Work for Motor Trend, a magazine about the automobile industry. Looking at a data set of a collection of cars, they are interested in exploring the relationship between a set of variables and miles per gallon (MPG) (outcome). They are particularly interested in the following two questions:
“Is an automatic or manual transmission better for MPG” “Quantify the MPG difference between automatic and manual transmissions”
Attending to the data obtain by Motor Trend US, Cars with manual transmission perform better (higher mpg) than cars with automatic transmission for cars weighting less than 2,800lb. When the cars weight more than this value, the auto transmission offers better mpg figures Manual Cars have lower mpg than automatic cars for weight up to 2,800 lb
The data set has: 32 Cars and eleven variables The data used has been the mtcars dataset available in R : * mpg Miles/(US) gallon * cyl Number of cylinders * disp Displacement (cu.in.) * hp Gross horsepower * drat Rear axle ratio * wt Weight (lb/1000) * qsec 1/4 mile time * vs V/S * am Transmission (0 = automatic, 1 = manual) * gear Number of forward gears * carb Number of carburetors ##Let’s take a look at the first rows of our data set.
mpg cyl disp hp drat wt qsec vs am gear carb
Mazda RX4 21.0 6 160 110 3.90 2.620 16.46 0 1 4 4
Mazda RX4 Wag 21.0 6 160 110 3.90 2.875 17.02 0 1 4 4
Datsun 710 22.8 4 108 93 3.85 2.320 18.61 1 1 4 1
Hornet 4 Drive 21.4 6 258 110 3.08 3.215 19.44 1 0 3 1
Hornet Sportabout 18.7 8 360 175 3.15 3.440 17.02 0 0 3 2
Valiant 18.1 6 225 105 2.76 3.460 20.22 1 0 3 1
To answer this project’s questions, we will use linear models to quantify the relationship between MPG variable, and the rest. And we will look for the best model fit in the subsequent regression analysis section.
Taking a look at how the MPG variable of interest is distributed (Figure 1 in the appendix), we can see that it kind of fits a normal distribution. The lack of precission for this comparison can be due to the small sample size of only 32 observations. Anyways, multiple linear regression assumes that the residuals are normally distributed, so we will check this assumption once we have the best model fit for this project.
To know which transmission type is better for fuel consumption, we first plot boxplots of the variable MPG when am is Automatic or Manual (see Figure 2 in the appendix). And we can clearly notice an increase in the MPG when the transmission is Manual.
We can take a look into our data and explore the relationships between all the variables (Firgure 3 in the appendix). Our outcome variable, miles per gallon seems to have a relationship with some other variables like cyl, disp, hp, drat, wt, vs and am.
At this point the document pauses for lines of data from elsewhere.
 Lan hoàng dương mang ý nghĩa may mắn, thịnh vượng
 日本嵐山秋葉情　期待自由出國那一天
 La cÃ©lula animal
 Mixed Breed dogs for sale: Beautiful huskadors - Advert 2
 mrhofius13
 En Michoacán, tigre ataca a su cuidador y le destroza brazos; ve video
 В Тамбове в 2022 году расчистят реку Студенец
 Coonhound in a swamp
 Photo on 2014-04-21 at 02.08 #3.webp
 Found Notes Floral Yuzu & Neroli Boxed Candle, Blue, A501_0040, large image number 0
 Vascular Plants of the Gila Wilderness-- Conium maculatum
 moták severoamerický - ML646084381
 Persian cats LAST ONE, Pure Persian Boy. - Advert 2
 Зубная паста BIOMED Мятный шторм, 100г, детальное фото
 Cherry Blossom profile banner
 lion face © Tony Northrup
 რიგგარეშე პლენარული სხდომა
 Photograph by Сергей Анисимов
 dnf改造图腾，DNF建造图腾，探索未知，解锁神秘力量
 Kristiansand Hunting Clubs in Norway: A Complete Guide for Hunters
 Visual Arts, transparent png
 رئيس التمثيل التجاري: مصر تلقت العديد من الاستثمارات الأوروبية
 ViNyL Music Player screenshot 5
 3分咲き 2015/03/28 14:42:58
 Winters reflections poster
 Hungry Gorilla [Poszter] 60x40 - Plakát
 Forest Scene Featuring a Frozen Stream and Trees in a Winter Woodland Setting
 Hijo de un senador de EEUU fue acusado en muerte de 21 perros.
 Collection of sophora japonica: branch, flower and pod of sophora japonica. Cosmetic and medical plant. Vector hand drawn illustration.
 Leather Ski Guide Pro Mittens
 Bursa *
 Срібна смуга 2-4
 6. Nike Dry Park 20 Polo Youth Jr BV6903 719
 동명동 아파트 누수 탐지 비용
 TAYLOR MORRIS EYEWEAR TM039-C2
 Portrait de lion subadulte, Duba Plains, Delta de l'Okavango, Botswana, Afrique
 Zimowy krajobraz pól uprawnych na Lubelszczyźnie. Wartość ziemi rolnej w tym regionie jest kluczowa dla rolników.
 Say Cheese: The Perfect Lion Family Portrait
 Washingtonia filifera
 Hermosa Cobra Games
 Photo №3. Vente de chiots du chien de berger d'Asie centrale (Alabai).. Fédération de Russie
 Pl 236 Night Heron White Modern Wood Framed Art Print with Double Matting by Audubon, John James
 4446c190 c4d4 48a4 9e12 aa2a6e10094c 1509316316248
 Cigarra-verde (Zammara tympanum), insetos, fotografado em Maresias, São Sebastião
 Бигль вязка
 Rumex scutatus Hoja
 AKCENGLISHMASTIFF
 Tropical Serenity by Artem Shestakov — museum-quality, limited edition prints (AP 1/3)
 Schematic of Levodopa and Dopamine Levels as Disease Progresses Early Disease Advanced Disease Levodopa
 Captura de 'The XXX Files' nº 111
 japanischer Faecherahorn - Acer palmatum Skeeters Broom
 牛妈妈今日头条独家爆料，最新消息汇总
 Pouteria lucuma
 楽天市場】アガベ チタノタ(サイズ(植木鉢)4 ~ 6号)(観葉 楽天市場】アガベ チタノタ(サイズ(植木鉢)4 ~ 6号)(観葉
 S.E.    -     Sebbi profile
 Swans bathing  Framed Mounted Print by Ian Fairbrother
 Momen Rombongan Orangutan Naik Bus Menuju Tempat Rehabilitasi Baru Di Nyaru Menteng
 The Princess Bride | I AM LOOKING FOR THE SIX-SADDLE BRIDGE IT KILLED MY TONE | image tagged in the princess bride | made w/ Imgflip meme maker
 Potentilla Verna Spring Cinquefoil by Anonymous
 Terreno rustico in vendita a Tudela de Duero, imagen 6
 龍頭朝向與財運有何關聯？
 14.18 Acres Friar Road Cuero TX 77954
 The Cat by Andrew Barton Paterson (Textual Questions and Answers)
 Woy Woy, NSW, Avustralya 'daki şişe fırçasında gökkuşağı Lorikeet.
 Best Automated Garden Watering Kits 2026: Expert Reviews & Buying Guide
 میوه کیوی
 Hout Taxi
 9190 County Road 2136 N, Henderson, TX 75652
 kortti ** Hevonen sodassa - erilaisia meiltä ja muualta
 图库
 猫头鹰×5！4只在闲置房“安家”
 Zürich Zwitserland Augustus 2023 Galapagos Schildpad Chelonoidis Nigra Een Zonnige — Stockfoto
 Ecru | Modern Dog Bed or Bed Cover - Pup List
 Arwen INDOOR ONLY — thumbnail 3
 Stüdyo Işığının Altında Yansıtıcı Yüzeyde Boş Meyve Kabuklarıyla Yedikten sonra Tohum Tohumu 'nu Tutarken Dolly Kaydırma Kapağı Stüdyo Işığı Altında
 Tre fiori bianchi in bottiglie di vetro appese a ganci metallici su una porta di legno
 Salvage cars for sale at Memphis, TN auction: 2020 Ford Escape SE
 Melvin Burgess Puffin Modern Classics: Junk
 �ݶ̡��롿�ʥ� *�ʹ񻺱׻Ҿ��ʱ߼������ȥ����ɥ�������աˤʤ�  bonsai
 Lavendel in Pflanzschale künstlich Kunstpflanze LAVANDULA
These relationships are easier to notice by looking at the correlogram (Firgure 4 in the appendix). All the correlations have a darker tone of blue if it’s closer to 1, and a darker tone of red when it’s closer to -1, which means a stronger relationship.
Besides our interest in the outcome variable, we can also have an idea whether or not to consider the combination of certain variables for a linear model depending on their correlation. This is because one variable could be explaining another one, e.g. Weigh (wt) vs Displacement (disp) sharing a correlation of 0.89. We migh explain this relationship because a heavy vehicle simply needs more power than a smaller one to produce comparable acceleration and load-hauling capacity. And that’s usually achieved by a larger-displacement engine.
In this section, we will try to find the best model fit to explain the relationship between the set of variables and miles per gallon (MPG) through a variable selection procedure called stepwise regression. This is a method that consists on fitting regression models in which the choice of predictive variables is carried out by an automatic procedure. In each step, a variable is considered for addition to or subtraction from the set of explanatory variables based on some prespecified criterion. Usually, this takes the form of a sequence of F-tests or t-tests, but other techniques are possible, such as adjusted R2, Akaike information criterion, Bayesian information criterion, Mallows’s Cp, PRESS, or false discovery rate.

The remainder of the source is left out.